If a court decides that this Subsection 17.4 (Class Action Waiver) is not enforceable or valid, then the entire Section 17 (Agreement to Arbitrate) will be null and void (i.e., go away). But, the rest of the Terms will still apply.

18. Fun

You understand and acknowledge that developing applications should be fun and easy, and by using our Services, you agree to let your imagination run wild.

For Customers who reside in the European Union only:

A. EC Data Protection Agreement. NYLA Technologies LLC customers in the European Union wishing to execute standard contractual clauses with NYLA Technologies LLC for transfer of personal data from the European Union may do so by following the instructions on the appropriate set of standard contractual clauses available by following the relevant link below:

     Link to NYLA Technologies LLC Customer Model Clauses

     Link to Authy Customer Model Clauses

B. You will ensure that NYLA Technologies LLC is enabled to use all Customer Data as necessary to provide the Services.

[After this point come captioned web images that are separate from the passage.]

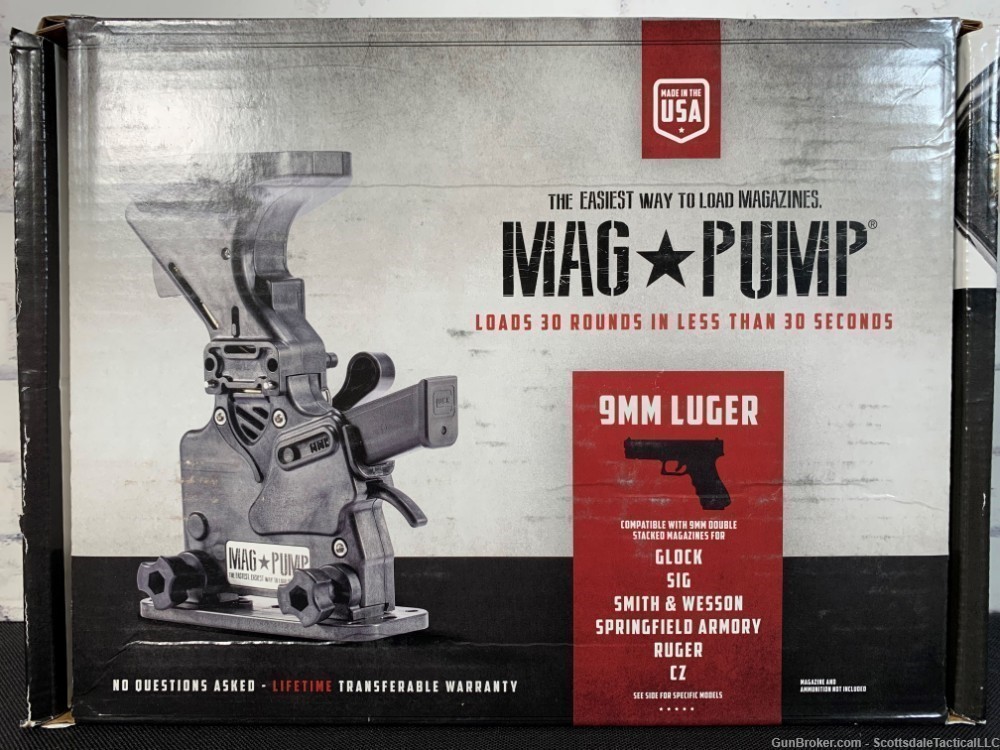 MagPump 9mm Double Stack Magazine Loader 9mm Luger 50 Round Hopper Feed Pol-img-0
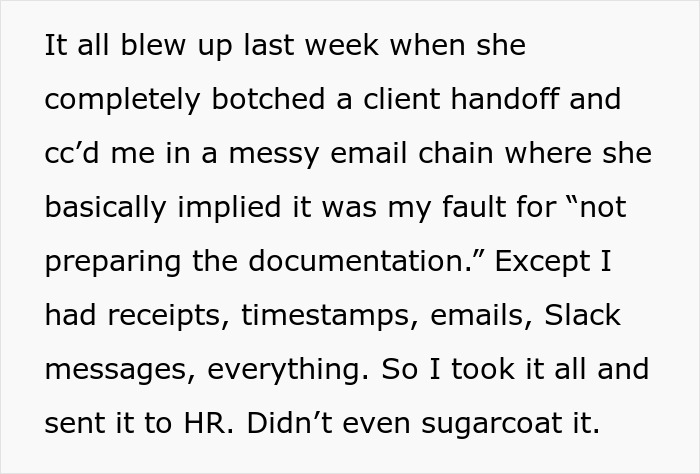 Text showing a worker sharing evidence of a team lead’s mistakes before complaining to HR and being labeled a snitch. Text showing a worker sharing evidence of a team lead’s mistakes before complaining to HR and being labeled a snitch.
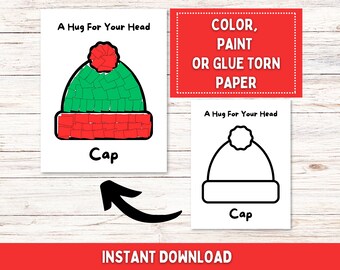 Winter Preschool Worksheets, Holiday Craft For Kids, Daycare, Winter Activity for Toddlers, Cut and Paste Craft, Dementia Activity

C. The primary characteristics of the Services, as agreed upon between you and NYLA Technologies LLC will remain available to you during the Terms Period.

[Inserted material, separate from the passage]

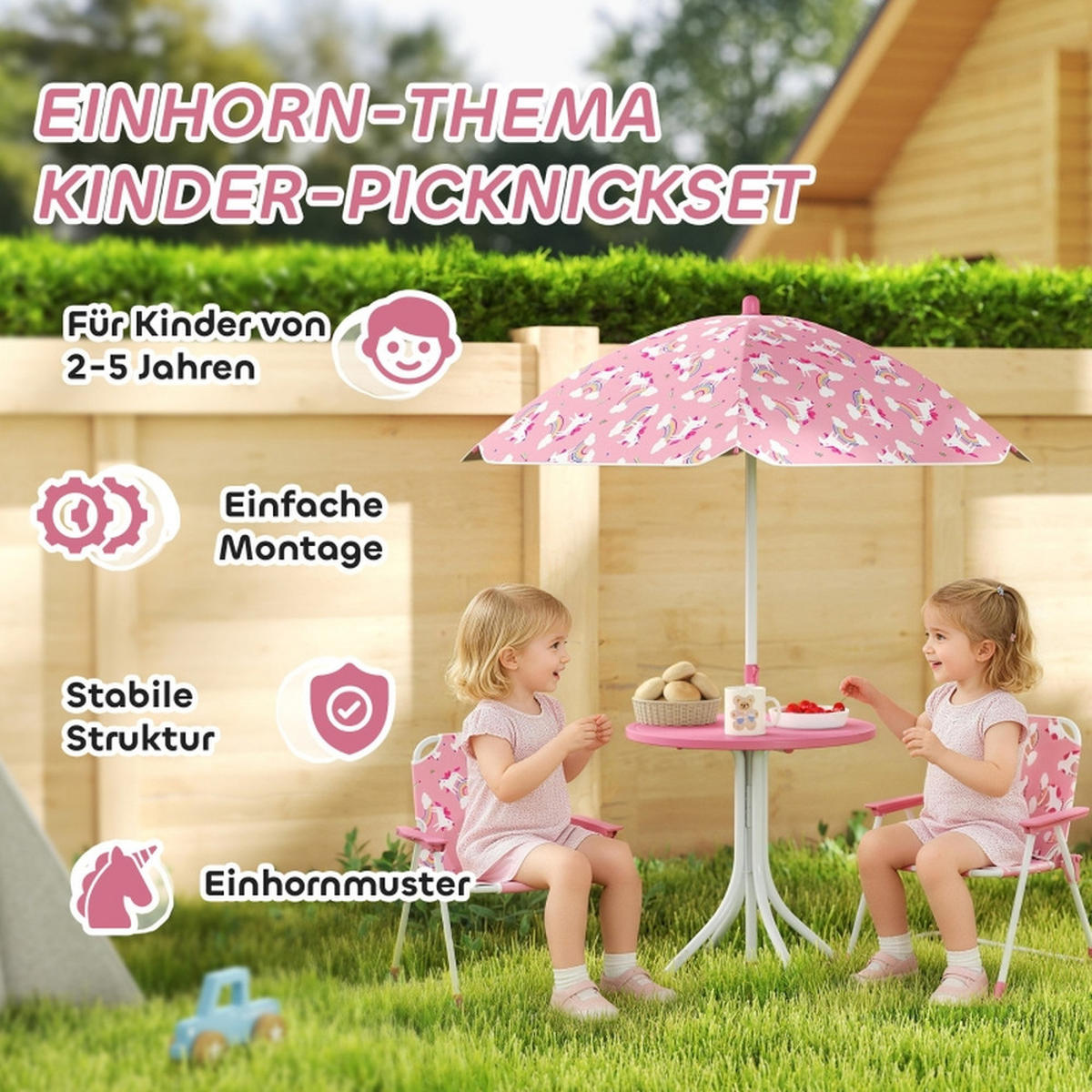 KINDER-GARTENMÖBEL 4-tlg Kindersitzgruppe Rosa mit Sonnenschirm Kindertisch und 2 Klappstühle - Rosa, Textil - Raelunyi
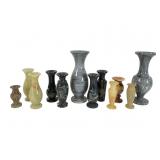 12 Carved & Engraved Stone Vases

D. For Customers who reside in Germany, the following shall apply in relation to Warranties.

a. NYLA Technologies LLC warrants that for a period of 12 months from that date on which you enter into this Agreement, the Services will materially comply with the specifications as agreed upon between you and NYLA Technologies LLC;

b. Any and all further warranties are excluded.

E. Despite Section 9.4 (Disputes) above, you will have a reasonable period from the date of any charge to dispute such charge.

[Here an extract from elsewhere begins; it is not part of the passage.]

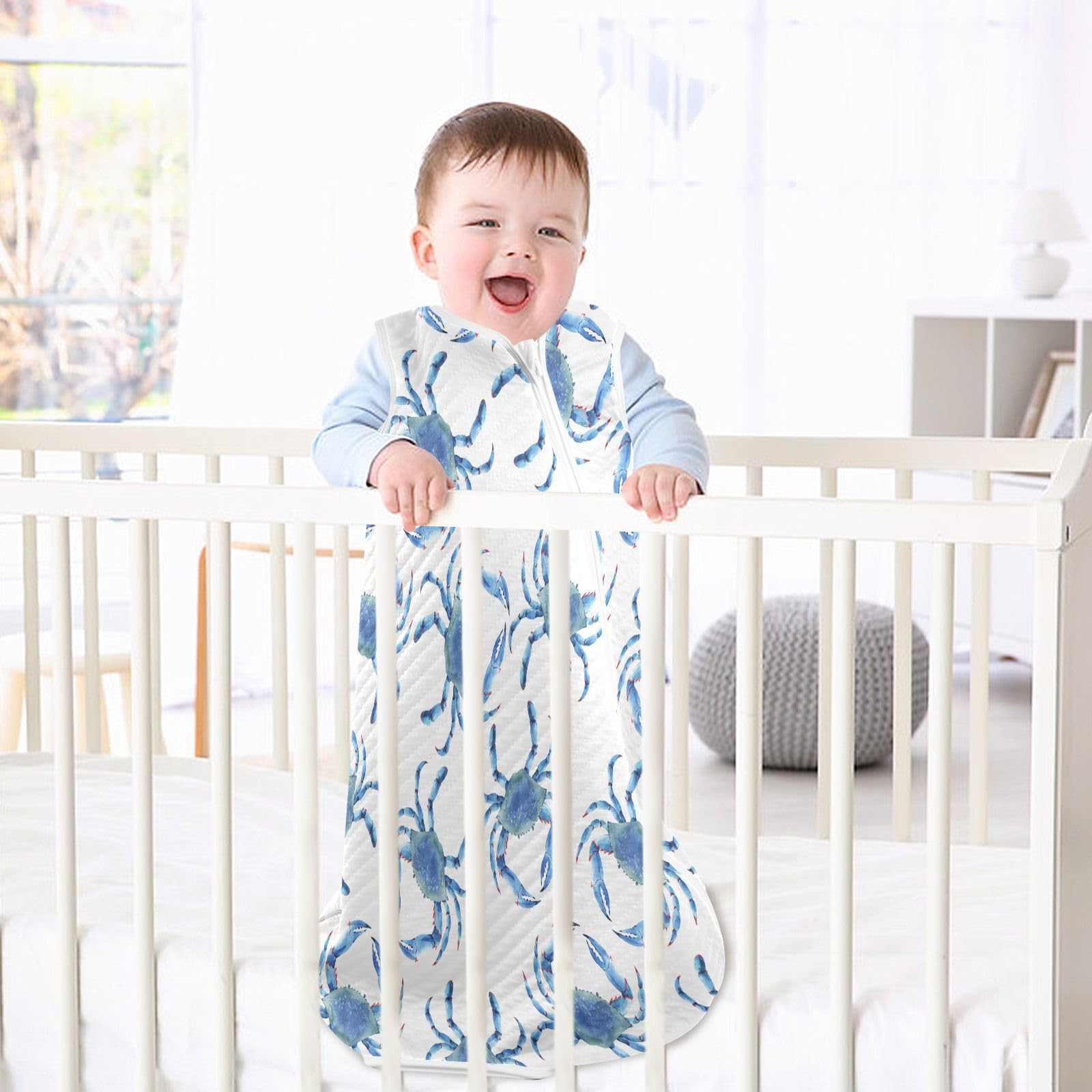 vvfelixl Blue Crabs Sleep Sack soft interior layer provides warmth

F. The following shall apply in relation to the limitation of liability:

a. The Parties shall only be fully liable for intent and gross negligence as well as damages caused by injury to life, body or health;

 

b. In an event of slight negligence, the Parties shall be liable only for breaches of a material contractual obligation (cardinal duty). A "cardinal duty" in the sense of this provision is an obligation whose fulfillment makes the processing of this Agreement possible in the first place and on the fulfillment of which the other Party may therefore generally rely;

 

c. In any of the above mentioned cases, the Parties shall not be liable for any lack of commercial success, lost profits and indirect damages

 

d. Liability in accordance with the above clauses shall be limited to the typical, foreseeable damages: and

 

e. Except where otherwise stated in this Agreement, the Parties shall not be liable for any loss or damage or any costs, expenses or other claims including without limitation loss of profit, business, revenue, goodwill or anticipated savings, loss of any data or information and/or special or indirect loss or consequential loss or otherwise which arise out of or in connection with this Agreement

G. NYLA Technologies LLC may amend or modify this Agreement from time to time, in which case the new Agreement will supersede prior versions. NYLA Technologies LLC will notify Customer via e-mail not less than 30 days prior to the effective date of any such amendment or modification and will inform you about the intended amendments or modifications. If you do not object to the amendment or modification within 30 days from aforementioned notice, such non-objection may be relied upon by NYLA Technologies LLC as your consent to any such amendment. NYLA Technologies LLC will inform you about your right to object and the consequences of non-objection with the aforementioned notice.